TRY IT ▸ Restate the lines word for word, from the one containing "this 1456×819 image." through the last line of the entries below, without any other lines.

------ INPUT FOR THIS TASK

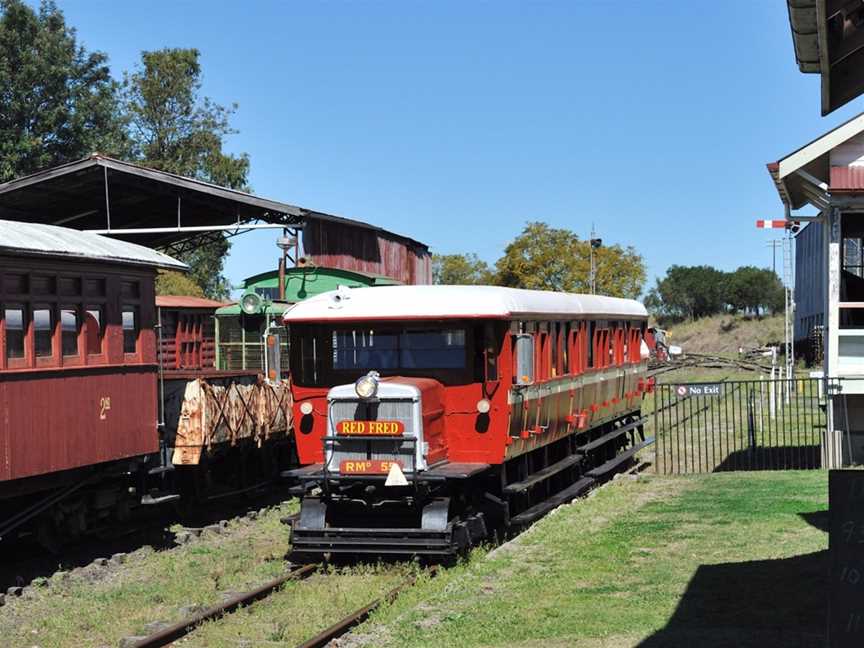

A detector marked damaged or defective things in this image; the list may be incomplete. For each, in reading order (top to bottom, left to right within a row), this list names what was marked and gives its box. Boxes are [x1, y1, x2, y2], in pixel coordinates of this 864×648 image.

rusty roof sheet [0, 218, 188, 268]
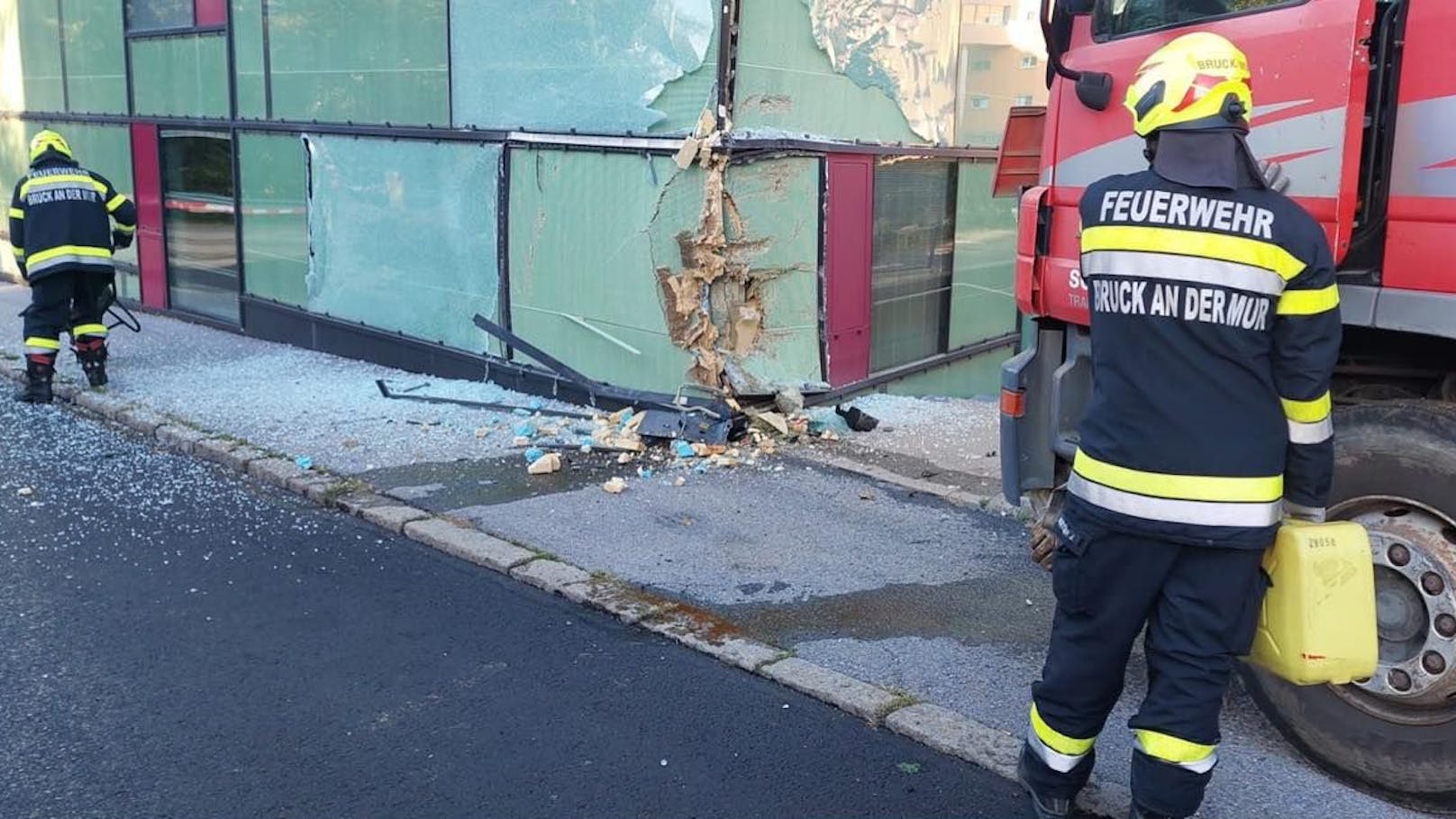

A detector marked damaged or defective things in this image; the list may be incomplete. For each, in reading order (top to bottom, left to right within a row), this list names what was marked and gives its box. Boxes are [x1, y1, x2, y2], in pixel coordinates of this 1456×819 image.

shattered glass wall [61, 0, 126, 114]
shattered glass wall [132, 33, 231, 118]
shattered glass wall [265, 0, 449, 126]
shattered glass wall [447, 0, 714, 134]
damaged building wall [447, 0, 714, 134]
shattered glass wall [735, 0, 959, 145]
damaged building wall [735, 0, 959, 145]
shattered glass wall [240, 134, 306, 306]
shattered glass wall [305, 135, 497, 351]
damaged building wall [305, 135, 505, 351]
broken glass facade [0, 0, 1031, 400]
shattered glass wall [505, 150, 699, 393]
damaged building wall [505, 149, 699, 395]
shattered glass wall [944, 161, 1009, 346]
damaged building wall [951, 162, 1016, 348]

------------

ANSWER SPACE ▸
A detector marked damaged or defective things in this image; the list may be incomplete. For each, in reading order (top to bottom, left to right within a row), this list names what was marked and gives its box. Boxes are [x1, y1, x2, y2], in pixel coordinates of this 1456×819 image.

shattered glass wall [61, 0, 126, 114]
shattered glass wall [132, 33, 231, 118]
shattered glass wall [265, 0, 449, 126]
shattered glass wall [447, 0, 714, 134]
damaged building wall [447, 0, 714, 134]
shattered glass wall [735, 0, 959, 145]
damaged building wall [735, 0, 959, 145]
shattered glass wall [240, 134, 306, 306]
shattered glass wall [305, 135, 497, 351]
damaged building wall [305, 135, 505, 351]
broken glass facade [0, 0, 1031, 400]
shattered glass wall [505, 150, 699, 393]
damaged building wall [505, 149, 699, 395]
shattered glass wall [944, 161, 1009, 346]
damaged building wall [951, 162, 1016, 348]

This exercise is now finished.